It happened by accident. Just a trifle. A commercial ploy. A pop hook. I suppose I could have resisted, but I decided to give in.
It came up as I dashed out the first story of “The Hard-Boiled Detective” series. Mind you, it wasn’t a series yet. Just an idea for a short story. A romp. A gas. I was having a blast ripping off a tale of false identities, blackmail and murder. All in a throwback, corkscrew style as a valentine to Chandler, Hammett, Cagney, Bogart.

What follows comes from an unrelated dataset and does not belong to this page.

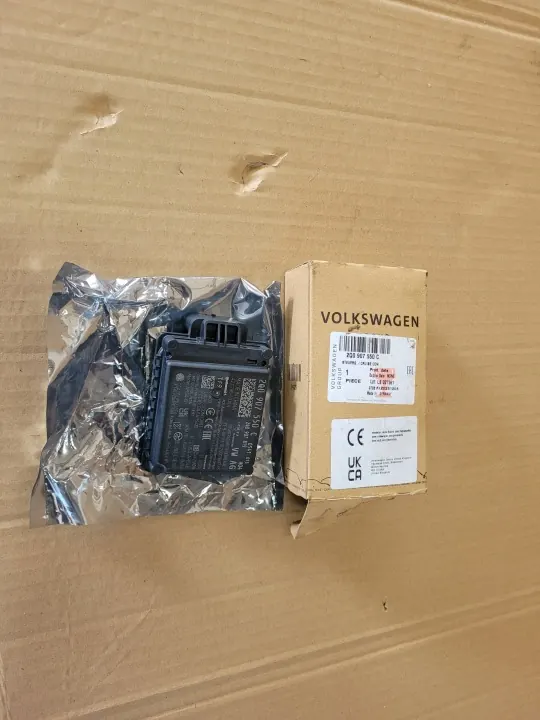 Sensor Radar Distronic ACC OEM 2Q0907550C Usado image 2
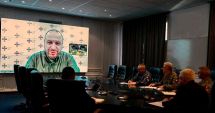 Stire din Eveniment : Ministrul Apărării a vorbit telefonic cu omologul ucrainean pe tema situaţiei de securitate din zona Mării Negre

I’m cranking out dialogue for an interview scene between our nameless, P.I. hero and a new, hardheaded client. The detective’s already long on attitude, fueled further by a customer who’s got something to hide. It all seemed like a natural bit of writing. Organic. Nothing contrived about it.
“You want the old man shadowed,” I nodded. “What for, Mrs. Leblanc?”
As coyly as she could manage it, she said, “I want you to catch him with her.”
“That is delicate,” I said. “You don’t strike me as the demure type, Mrs. Leblanc.”
With abrupt confidence she replied, “You strike me as the impertinent type.”
“Sometimes my line of work calls for it.”
“I’ve been working it into a big ad campaign I’m planning: ‘Private & Personal Investigations. Discreet & Impertinent.’ Catchy, don’t you think?”
I thought nothing of it at the time. I liked the exchange between the characters, gave the screen a nice fat smile, and kept writing.
After wrapping up the yarn, I decided to craft another. The first go-round proved such a trip to write that the juices flowed, all right. I had barely an outline in mind for the second story. Merely the loosest notion of plot points. What sprung to mind immediately was an allusion to Hammet’s “The Maltese Falcon”—it’s hard to punch out hard-boiled prose and not see the words of the genre’s big boys before your eyes. So I penned the opening lines:
It’s bad business to plug your client. It’s bad business, bad for P.I.’s everywhere, just plain bad all around.
As a short, first paragraph, I liked its grab. But it needed a quick wrap, a final punch, a knockout line. That’s when that dialogue came back to me. I could see where I was going, but it seemed as perfect a fit as Edward G. Robinson in a bowler. Or Harlow in a teddy. I typed in a closing line to the paragraph:
Sometimes my line of work calls for it.
Now I’d done it. I’d given my hard-nosed gumshoe a tagline all his own. Hadn’t planned to. Hadn’t meant to. But writing’s a funny practice. I don’t pretend to understand the creative process. Once in a great while a literary gem seems to appear right before your eyes. On other occasions, the most shallow devices cry out for use. You bat away and hack and slash and keep at it.
There’s not a whole lot of planning that goes into my craft. I’m winging it as best I can. Sometimes it’s gold. Sometimes it crap. All I can do is give it my best shot. Sometimes my line of work calls for it.